◆ Provided information:
-- Opening Marker --
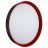 Настенно-потолочный светодиодный светильник Sonex Color Tuna Red 7710/DL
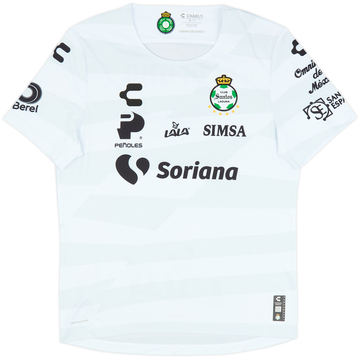 Camiseta de la tercera equipación de portero del Santos Laguna 2024-25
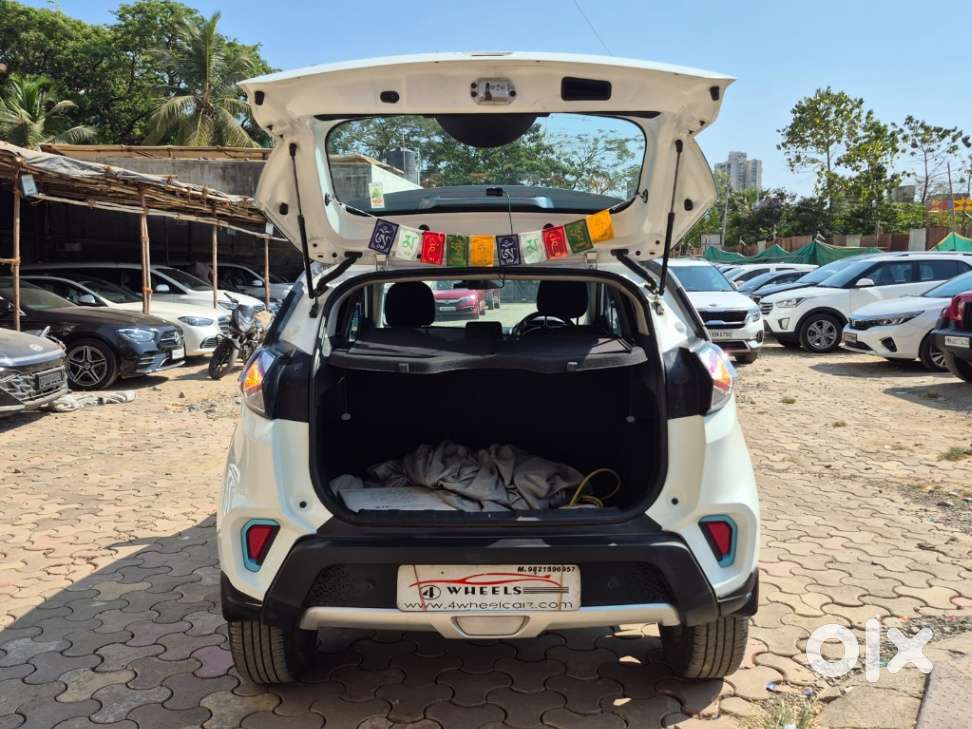 Tata Nexon Ev Xz Plus, 2021, Electric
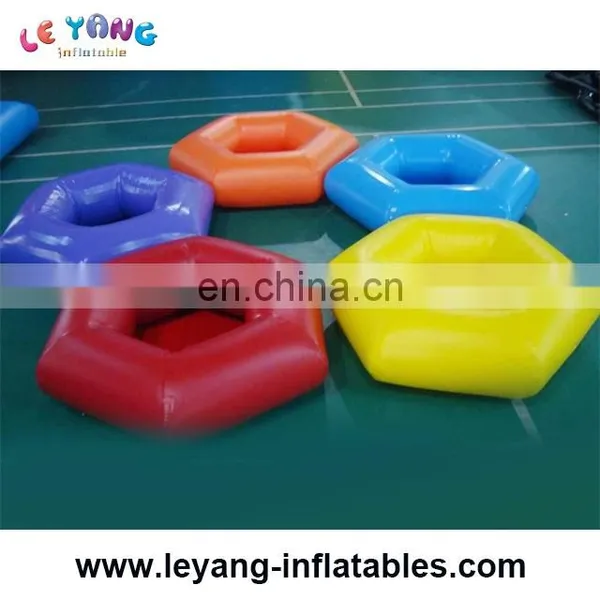 Custom Made Different Type and Size Indoor and Outdoor Inflatable Swimming Pools photo-2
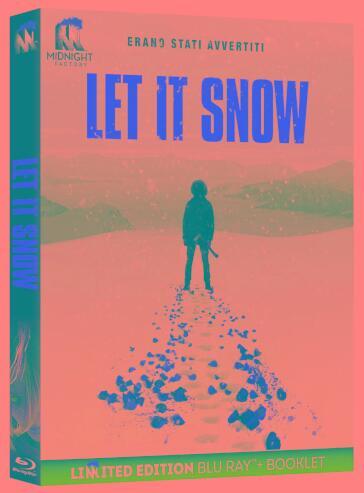 Let It Snow (Blu-Ray+Booklet) - Stanislav Kapralov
-- Closing Marker --
◆ What to do:
Reproduce all the entries above exactly. Include no images.

◆ Solution below:
 Настенно-потолочный светодиодный светильник Sonex Color Tuna Red 7710/DL
 Camiseta de la tercera equipación de portero del Santos Laguna 2024-25
 Tata Nexon Ev Xz Plus, 2021, Electric
 Custom Made Different Type and Size Indoor and Outdoor Inflatable Swimming Pools photo-2
 Let It Snow (Blu-Ray+Booklet) - Stanislav Kapralov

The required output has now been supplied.